## Supplied information
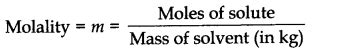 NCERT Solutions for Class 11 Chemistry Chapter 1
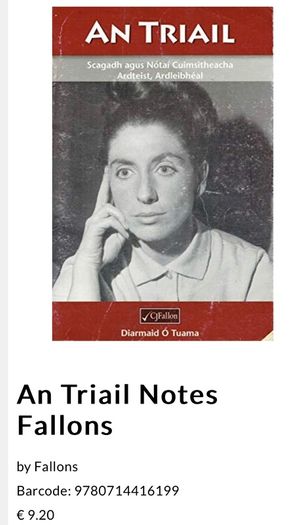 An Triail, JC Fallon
* * *
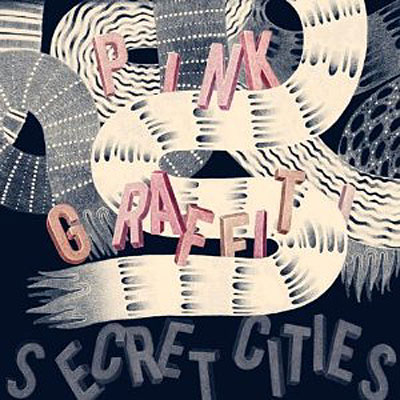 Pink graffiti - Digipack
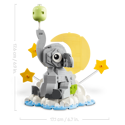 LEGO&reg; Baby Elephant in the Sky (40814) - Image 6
---
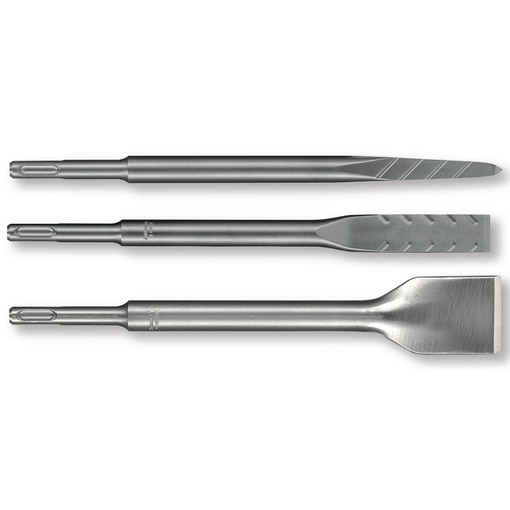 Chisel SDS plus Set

## Task requirements
Exactly the lines above from the one that contains "NCERT Solutions for" down to the one that contains "An Triail, JC Fallon" are to be output, both ends kept and pictures omitted.

## Solution to this task
 NCERT Solutions for Class 11 Chemistry Chapter 1
 An Triail, JC Fallon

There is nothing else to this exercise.